Congress sent US President George W. Bush a bill that forbids employers and insurance companies from rejecting job applications, promotions or healthcare coverage or setting premiums based on genetic test results.
Bush was expected soon to sign the Genetic Information Nondiscrimination Act, passed by Congress on Thursday, which has been characterized by lawmakers and advocates as the first major civil rights act of the 21st century.
Federal law already bans discrimination based on race or sex.
“Your skin color, your gender, all of those are part of your DNA,” said Francis Collins, head of the National Human Genome Research Institute. “Shouldn’t the rest of your DNA also fall under that protective umbrella?”
Researchers supported the bill because Americans have been refusing to take genetic tests or have been using false names and paying cash because they did not want the information used against them by their employer or insurance company, Collins said.
The bill would prohibit health insurance companies from using genetic information to set premiums or determine enrollment eligibility. Similarly, employers could not use genetic information in hiring, firing or promotion decisions.
A 2001 study by the American Management Association showed that almost two-thirds of major US companies require medical examinations of new hires. Fourteen percent conduct tests for susceptibility to workplace hazards, 3 percent for breast and colon cancer and 1 percent for sickle cell anemia, while 20 percent collect information about family medical history.

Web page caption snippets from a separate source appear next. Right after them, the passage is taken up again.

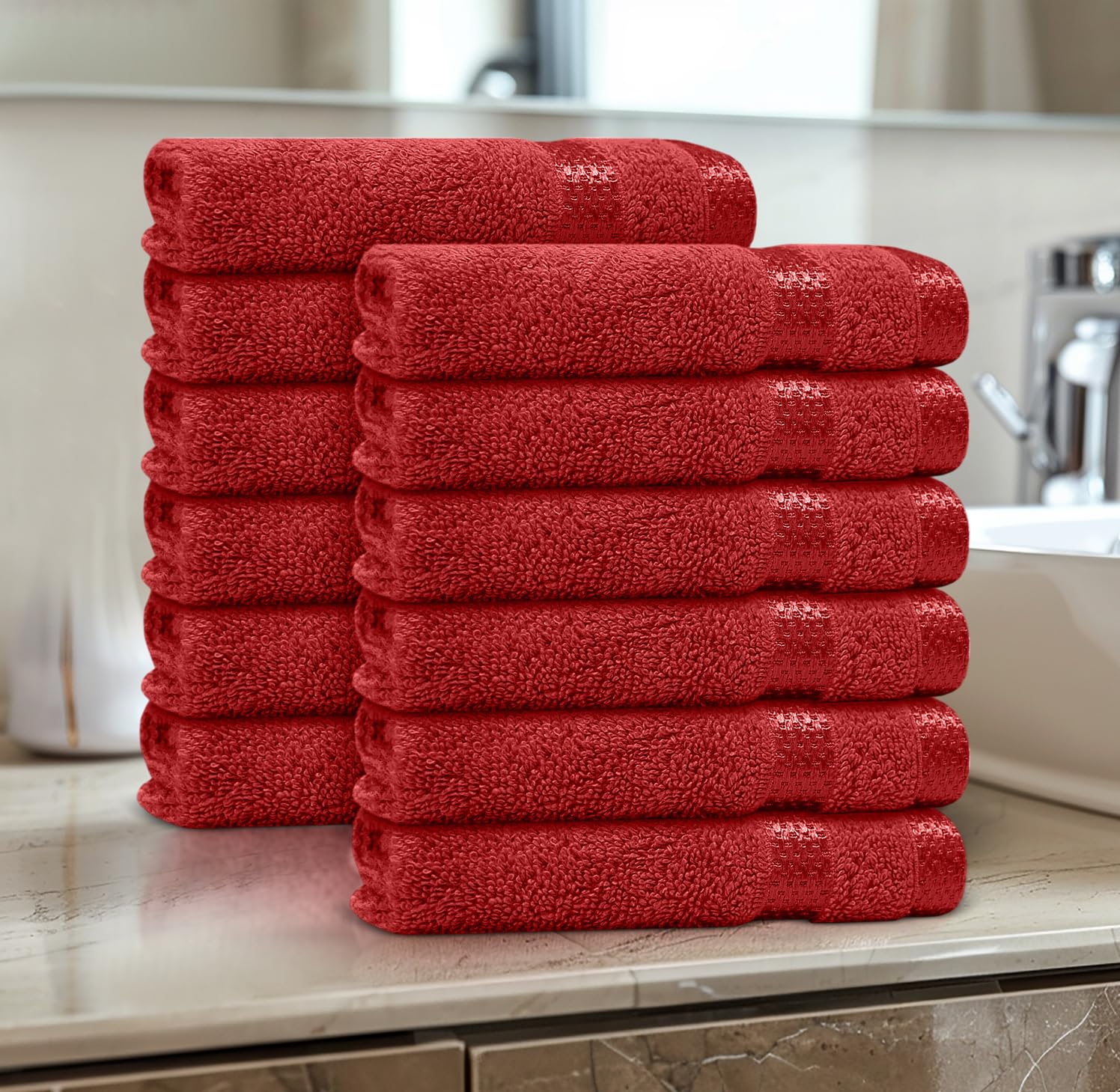 Casabella 12 Pack Flannel Face Cloth - 100% Cotton Face Towels Soft & Absorbent Super Quality Washcloths 30x30CM, Fingertip Towels for Makeup Removal & Cleansing - Red Face Cloth
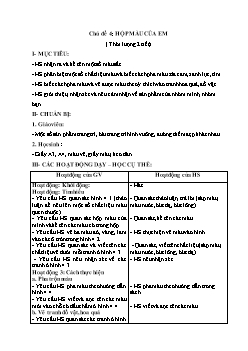 Giáo án lớp 2 - Chủ đề 4: Hộp màu của em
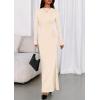 imagePRETTYGARDEN Fall Dresses for Women 2025 Long Sleeve Bodycon Mock Neck Ruched Maxi Formal Cocktail Wedding Guest DressApricot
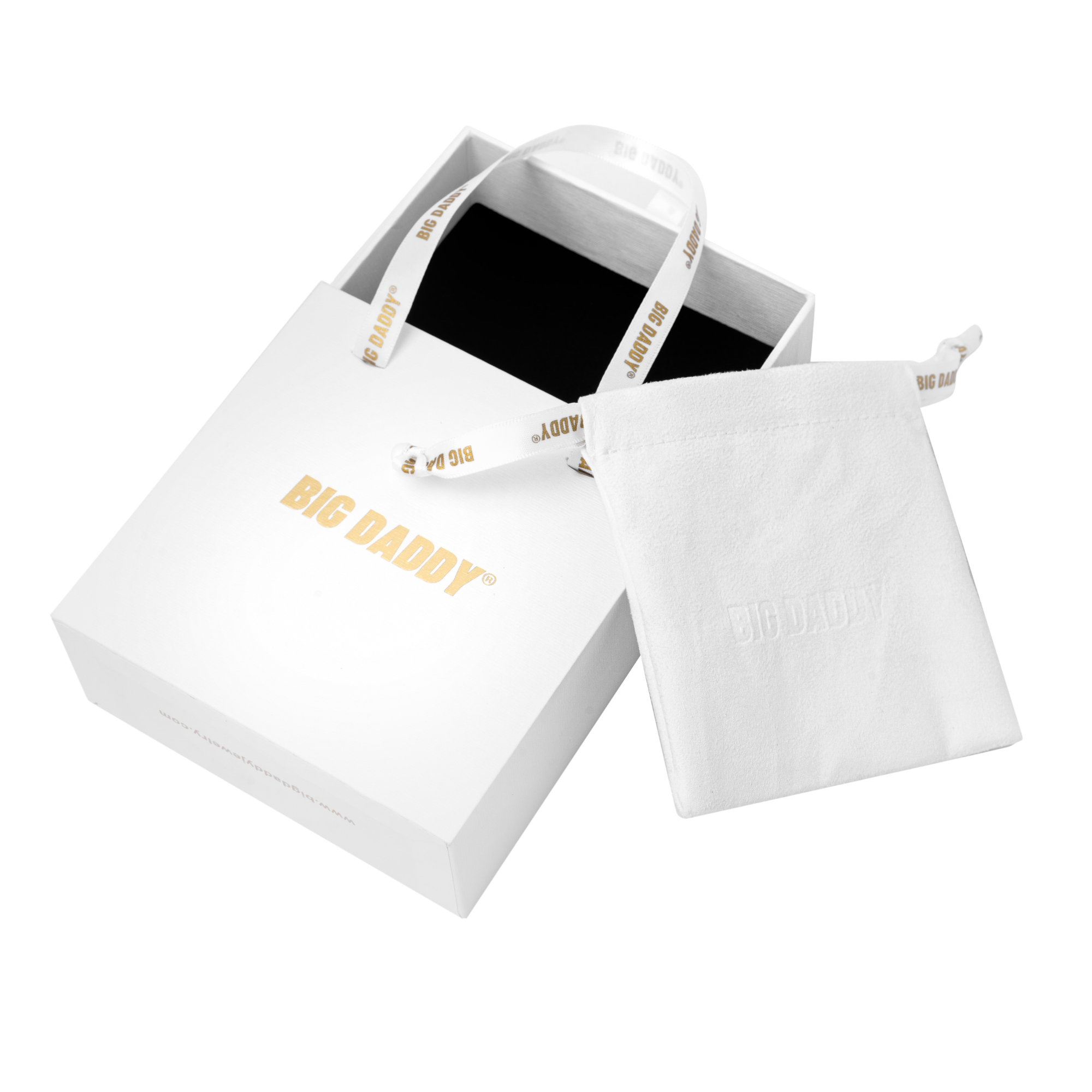 Big Daddy bracelet packaging with white box, tissue wrap, and branded pouch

In the 1970s, several insurers denied coverage to blacks who carried the gene for sickle cell anemia. The Lawrence Berkeley National Laboratory in California secretly tested workers for sickle cell trait and other genetic disorders from the 1960s through 1993; workers were told it was routine cholesterol screening.
Sickle cell anemia almost exclusively afflicts black people.
In another incident, Burlington Northern and Santa Fe Railway Co paid 36 employees US$2.2 million in 2002 to settle a lawsuit in which the workers claimed the company sought to test them genetically without their knowledge after they had submitted work-related injury claims. The railroad denied that it violated the law or engaged in discrimination.